Below are some records. Return exactly their lines from the one containing "Used 2022 Chrysler" through the one containing "sggsvb's tweet photo.", and drop the pictures.

(Records excerpted from a collection)
▶

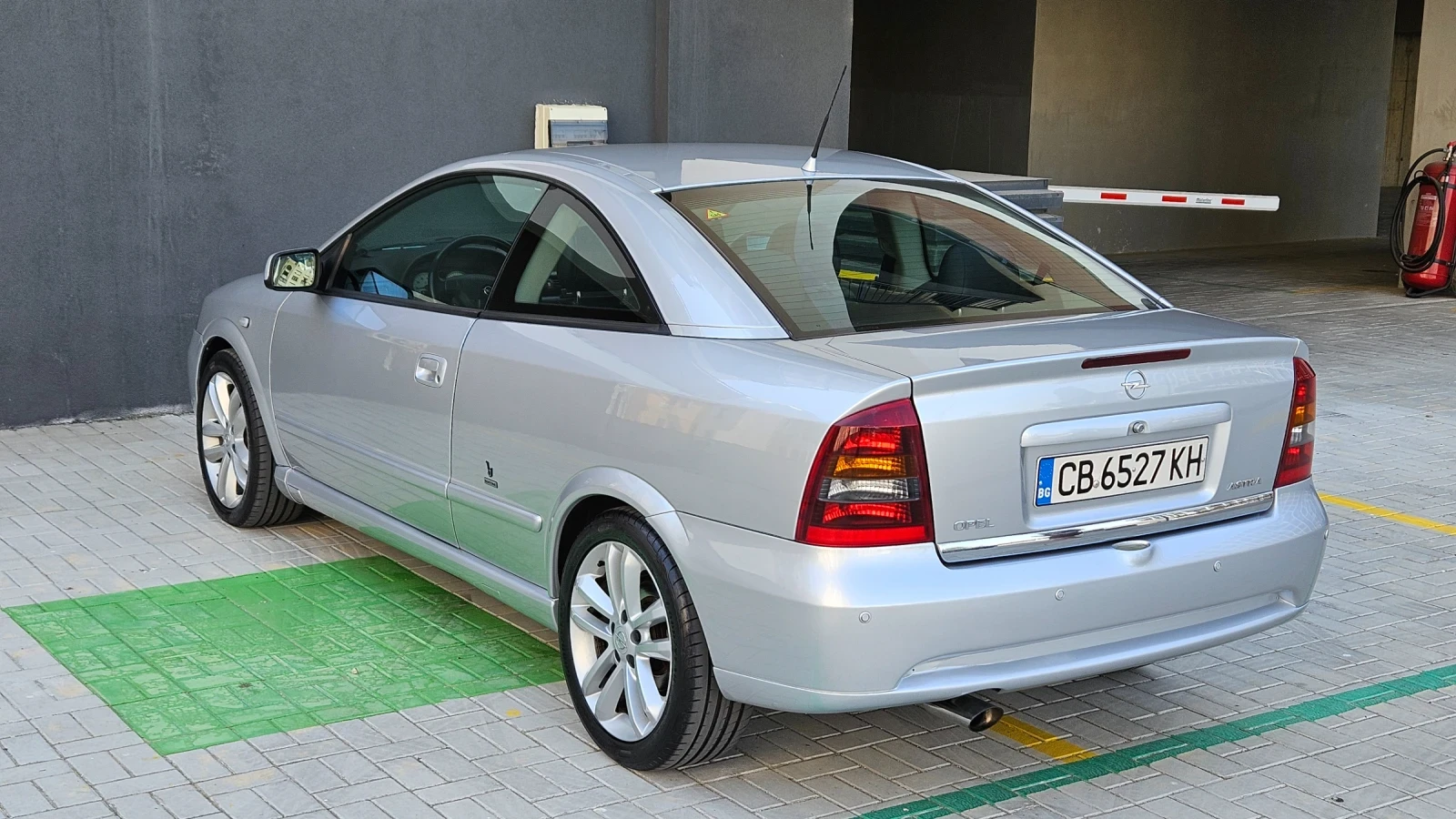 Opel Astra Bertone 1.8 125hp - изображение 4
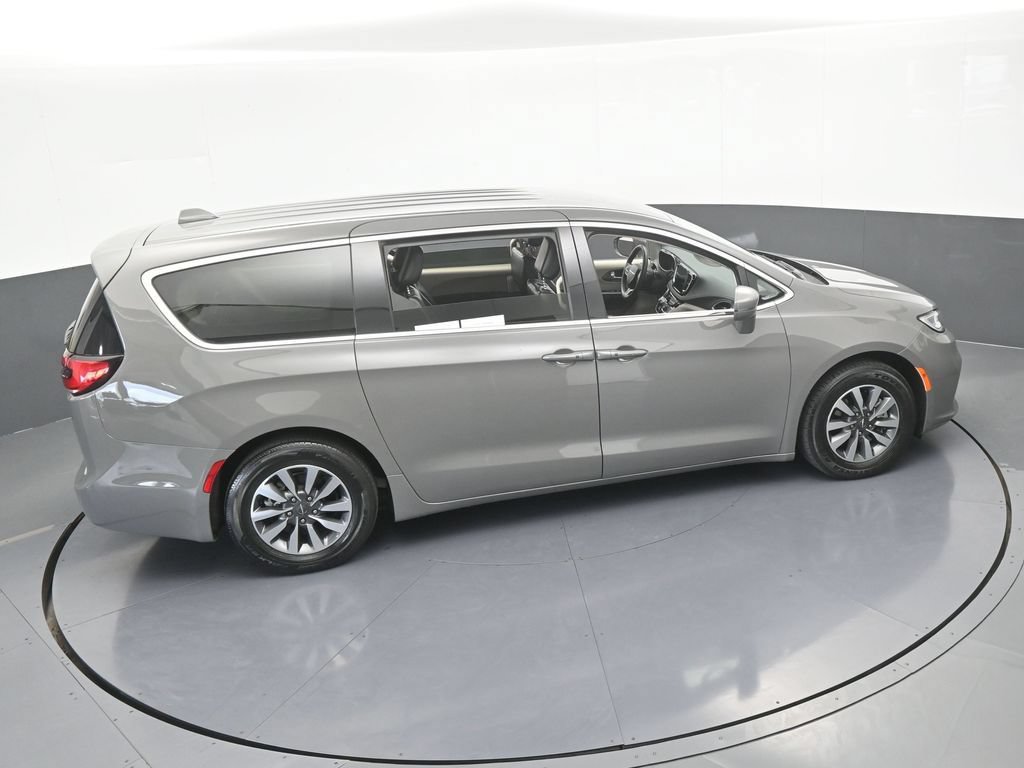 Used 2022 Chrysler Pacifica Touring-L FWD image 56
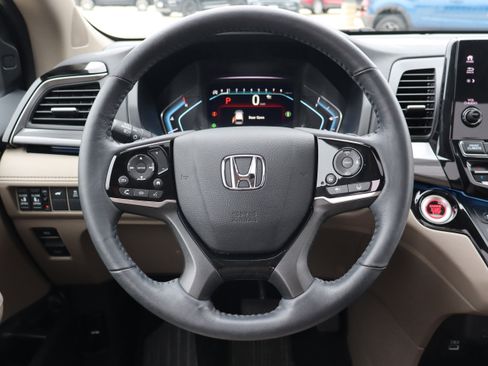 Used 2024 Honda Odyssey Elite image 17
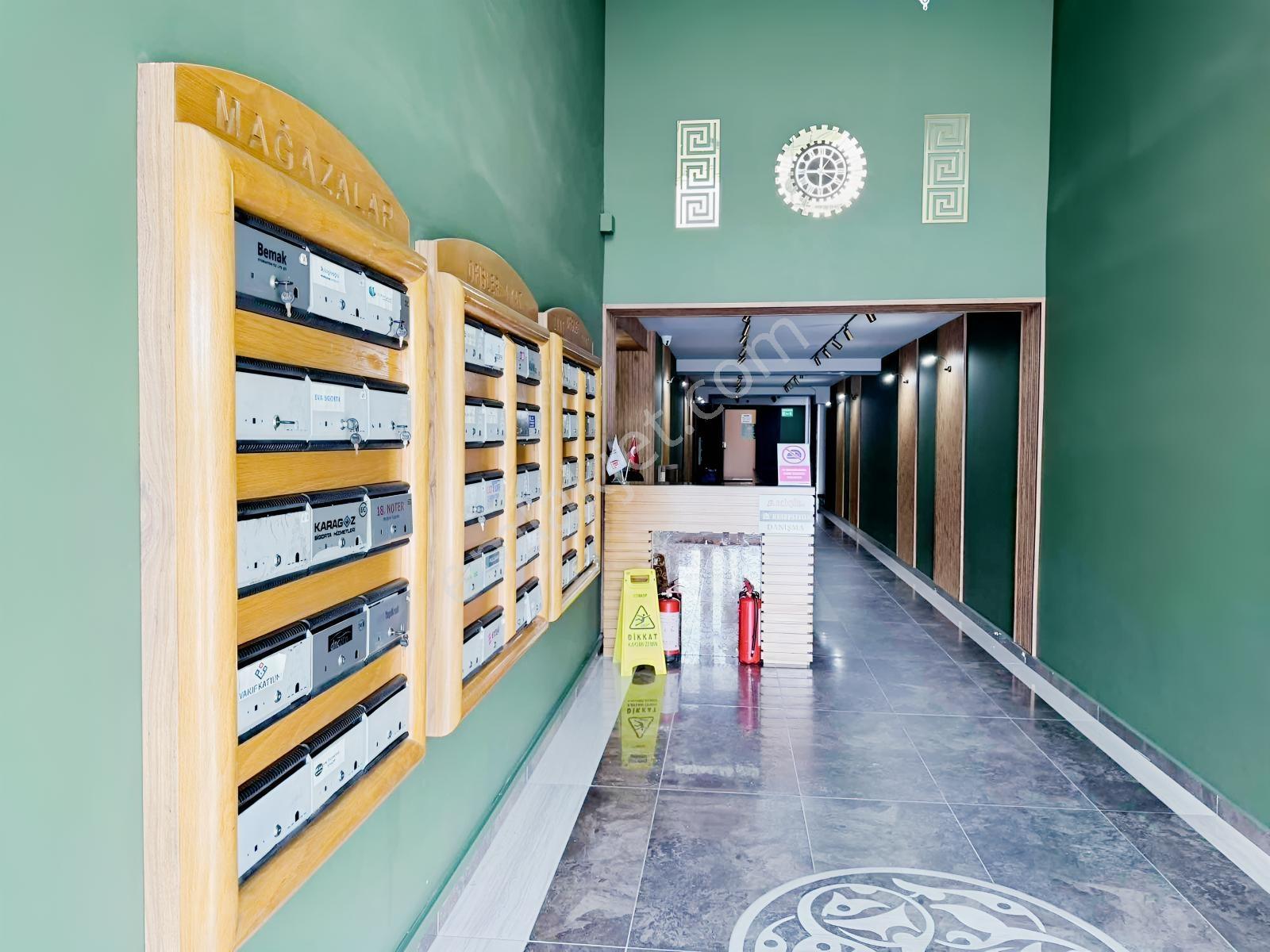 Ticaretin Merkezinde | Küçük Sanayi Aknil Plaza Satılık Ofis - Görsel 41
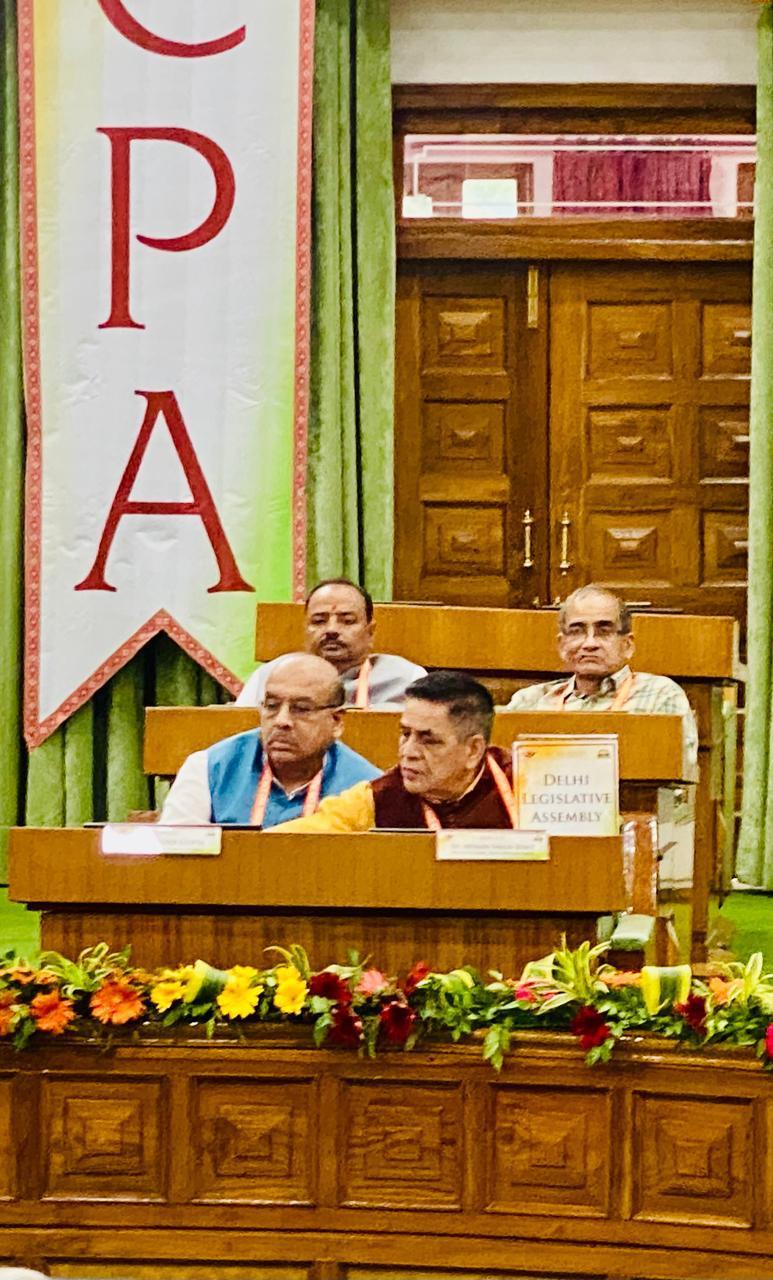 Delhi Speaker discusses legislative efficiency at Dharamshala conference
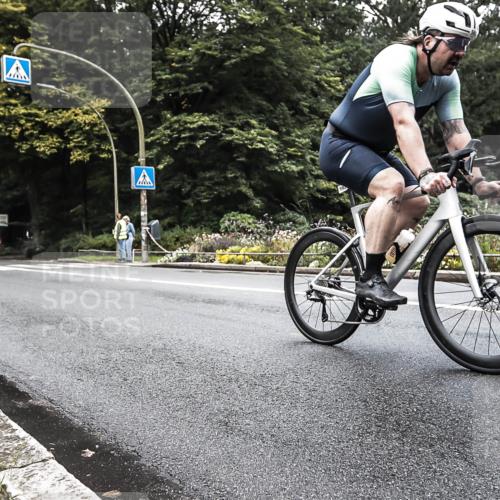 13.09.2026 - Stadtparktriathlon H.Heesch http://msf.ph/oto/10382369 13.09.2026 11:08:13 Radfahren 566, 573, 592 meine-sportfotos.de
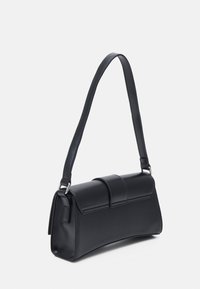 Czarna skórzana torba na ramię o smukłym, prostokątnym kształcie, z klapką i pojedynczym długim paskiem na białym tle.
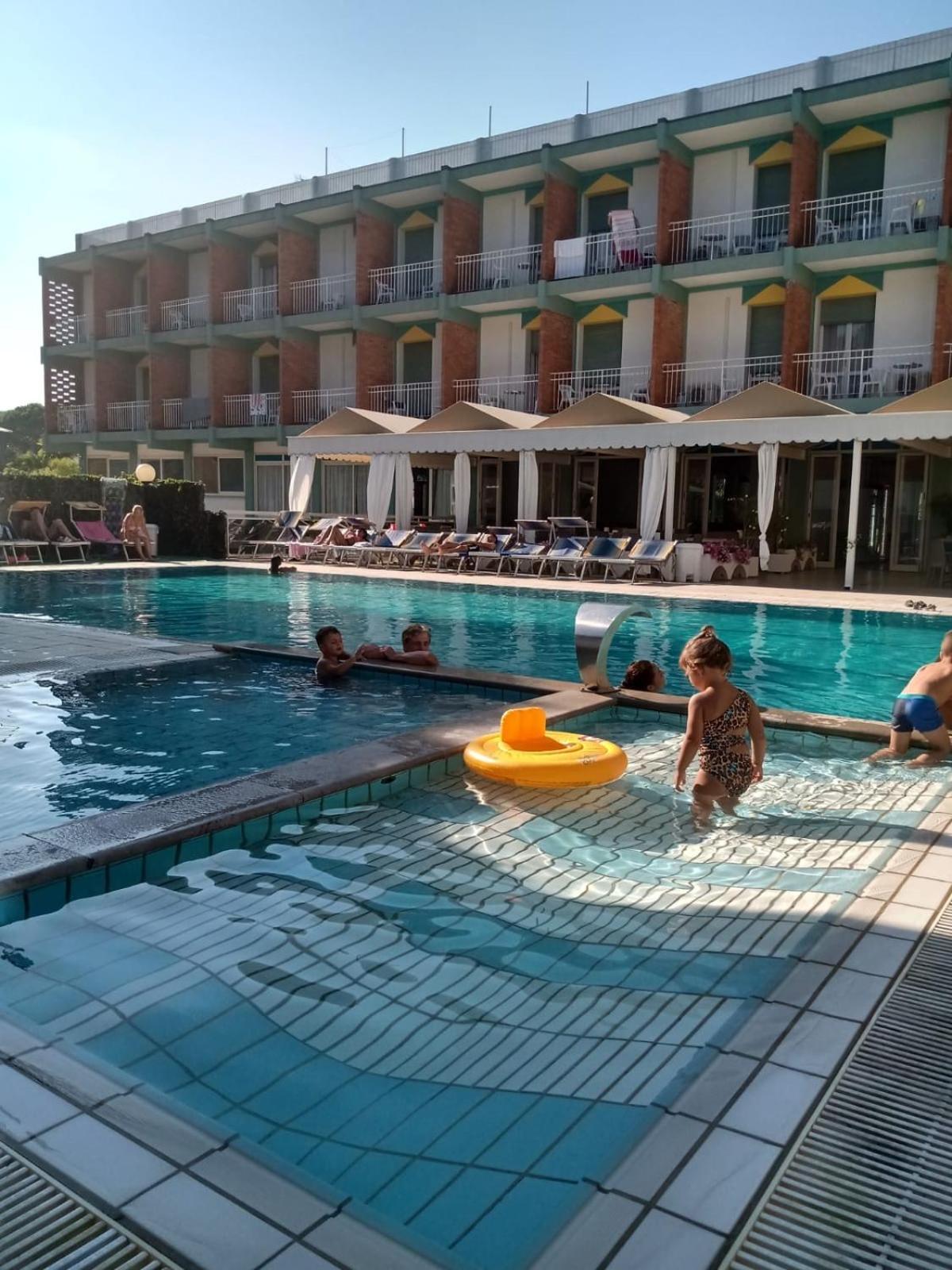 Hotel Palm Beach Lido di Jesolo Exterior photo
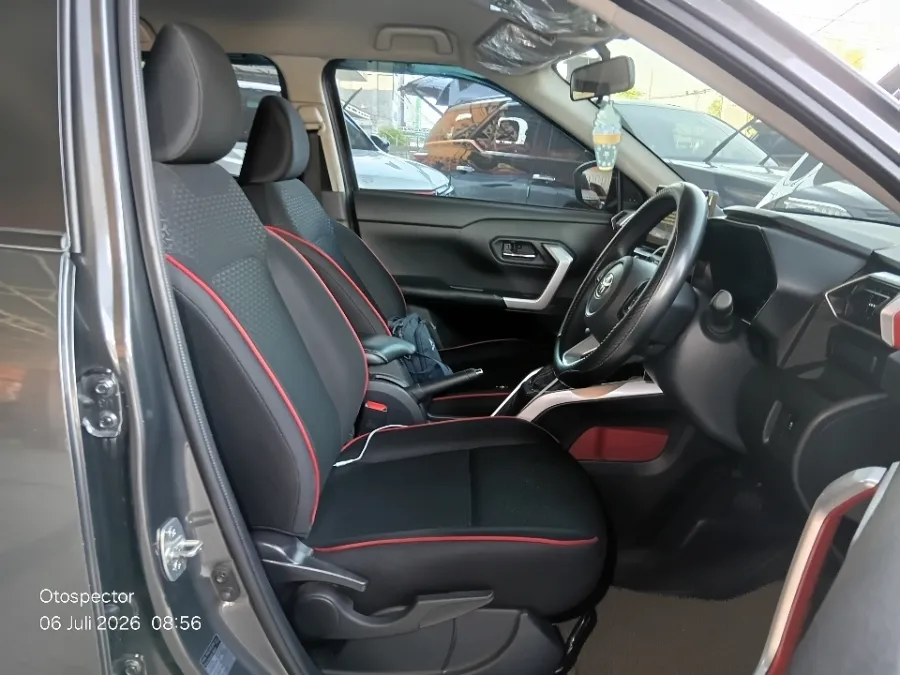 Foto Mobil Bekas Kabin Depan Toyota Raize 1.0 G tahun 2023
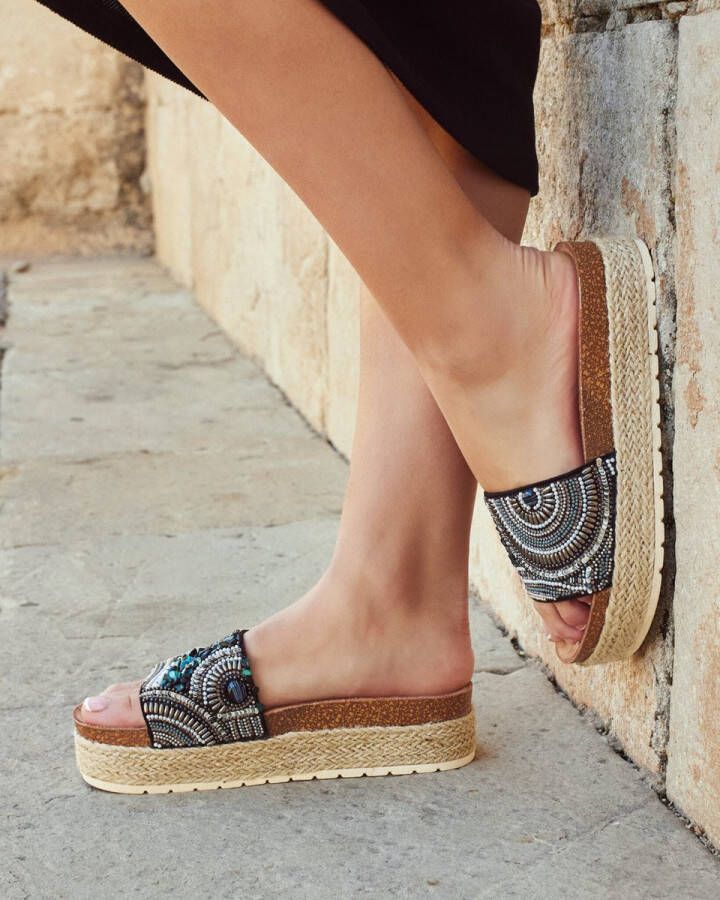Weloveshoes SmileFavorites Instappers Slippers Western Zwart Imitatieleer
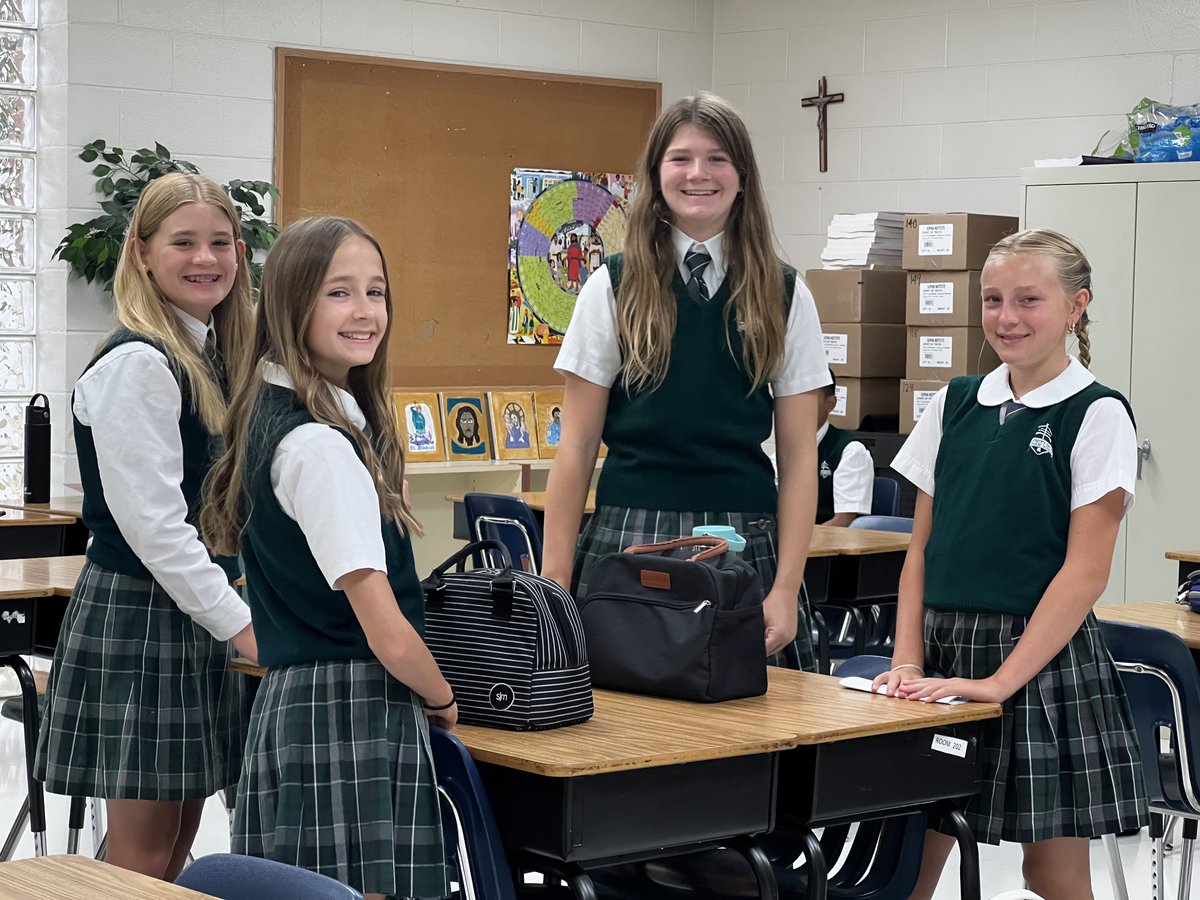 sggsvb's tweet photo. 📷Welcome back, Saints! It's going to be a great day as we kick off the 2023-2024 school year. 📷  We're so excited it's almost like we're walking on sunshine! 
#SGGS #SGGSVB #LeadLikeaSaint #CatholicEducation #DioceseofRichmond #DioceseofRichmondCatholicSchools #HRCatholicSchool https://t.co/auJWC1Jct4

◀

## OUTPUT FOR THIS EXERCISE:
 Used 2022 Chrysler Pacifica Touring-L FWD image 56
 Used 2024 Honda Odyssey Elite image 17
 Ticaretin Merkezinde | Küçük Sanayi Aknil Plaza Satılık Ofis - Görsel 41
 Delhi Speaker discusses legislative efficiency at Dharamshala conference
 13.09.2026 - Stadtparktriathlon H.Heesch http://msf.ph/oto/10382369 13.09.2026 11:08:13 Radfahren 566, 573, 592 meine-sportfotos.de
 Czarna skórzana torba na ramię o smukłym, prostokątnym kształcie, z klapką i pojedynczym długim paskiem na białym tle.
 Hotel Palm Beach Lido di Jesolo Exterior photo
 Foto Mobil Bekas Kabin Depan Toyota Raize 1.0 G tahun 2023
Weloveshoes SmileFavorites Instappers Slippers Western Zwart Imitatieleer
 sggsvb's tweet photo. 📷Welcome back, Saints! It's going to be a great day as we kick off the 2023-2024 school year. 📷  We're so excited it's almost like we're walking on sunshine! 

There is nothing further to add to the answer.